#### [Aim of the exercise]
A line below contains "Photo of Brown", and a later one contains "Lot de 2 serviettes". Repeat both, with every line between them, exactly.
Top of Data records
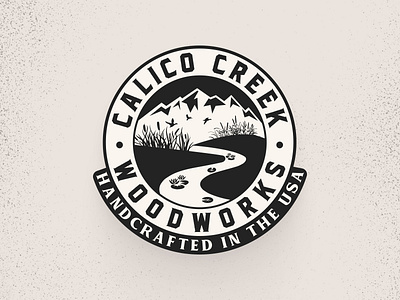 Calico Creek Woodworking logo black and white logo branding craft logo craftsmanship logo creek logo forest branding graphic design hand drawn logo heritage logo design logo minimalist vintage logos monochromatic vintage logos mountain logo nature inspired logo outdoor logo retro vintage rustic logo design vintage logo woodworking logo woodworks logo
Bottom of Data records
Top of Data records
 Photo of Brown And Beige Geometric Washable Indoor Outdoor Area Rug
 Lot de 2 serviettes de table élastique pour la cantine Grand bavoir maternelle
Bottom of Data records
Top of Data records
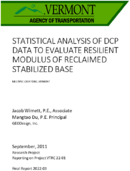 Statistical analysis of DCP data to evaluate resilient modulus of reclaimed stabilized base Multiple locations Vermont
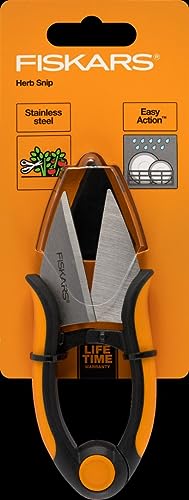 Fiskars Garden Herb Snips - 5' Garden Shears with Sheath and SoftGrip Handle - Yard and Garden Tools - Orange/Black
Bottom of Data records
#### [Solved exercise]
 Photo of Brown And Beige Geometric Washable Indoor Outdoor Area Rug
 Lot de 2 serviettes de table élastique pour la cantine Grand bavoir maternelle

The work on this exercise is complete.